─── AVAILABLE DATA ───

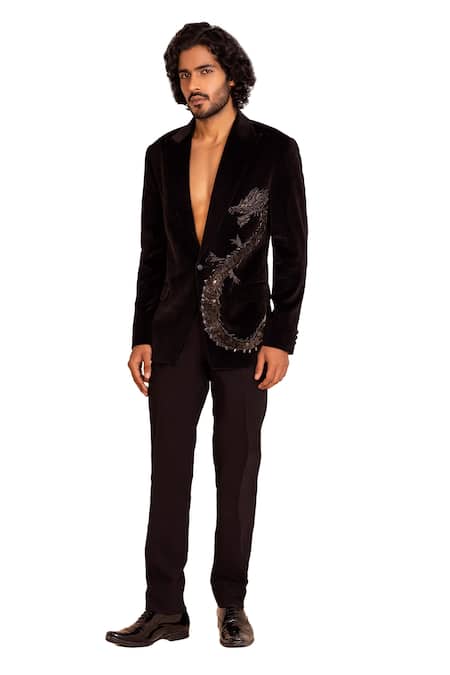 Amit Arora Black Cotton Embroidery Dragon Embellished Coat With Pant at Aza Fashions Amit Arora_Black Cotton Embroidery Dragon Embellished Coat With Pant _at_Aza_Fashions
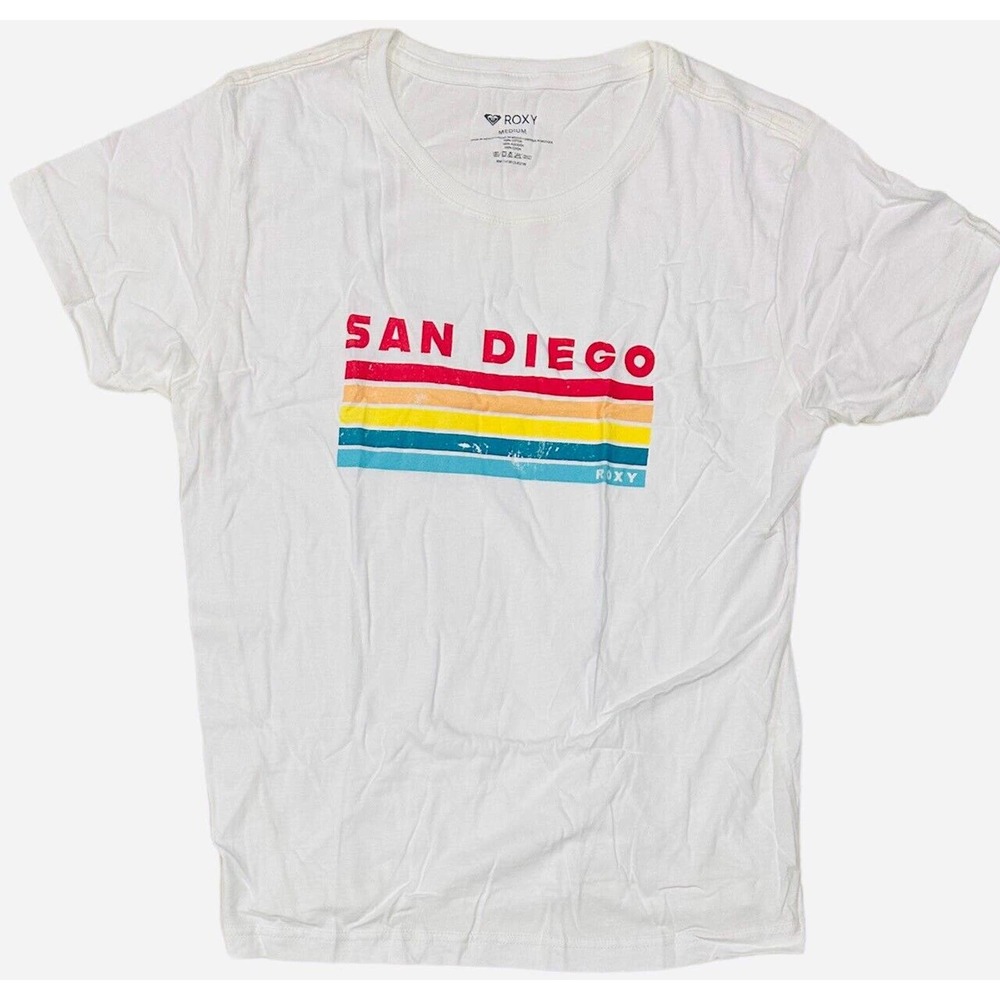 Roxy Women's Distressed Graphic San Diego Rainbow Relaxed Boyfriend Tee T-Shirt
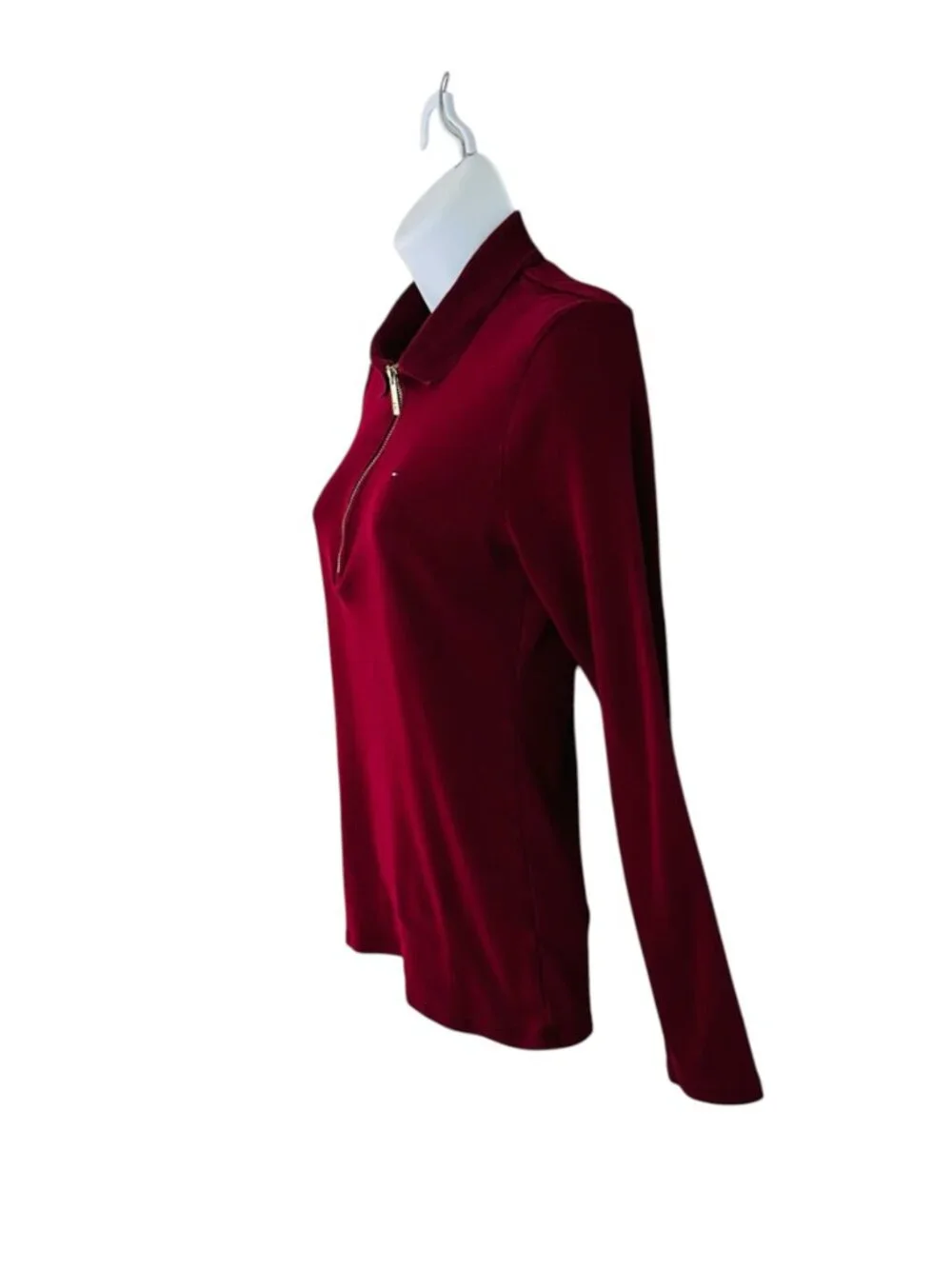 Tommy Hilfiger Women's Size S Slim Fit Half Zip Wine Polo Shirt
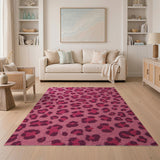 Wild Pink Leopard Shag Area Rug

───

→ **WORK ITEM**: Could you output the lines above exactly, with no pictures included?

→ **RESULT OF THIS EXERCISE**:
 Amit Arora Black Cotton Embroidery Dragon Embellished Coat With Pant at Aza Fashions Amit Arora_Black Cotton Embroidery Dragon Embellished Coat With Pant _at_Aza_Fashions
 Roxy Women's Distressed Graphic San Diego Rainbow Relaxed Boyfriend Tee T-Shirt
 Tommy Hilfiger Women's Size S Slim Fit Half Zip Wine Polo Shirt
 Wild Pink Leopard Shag Area Rug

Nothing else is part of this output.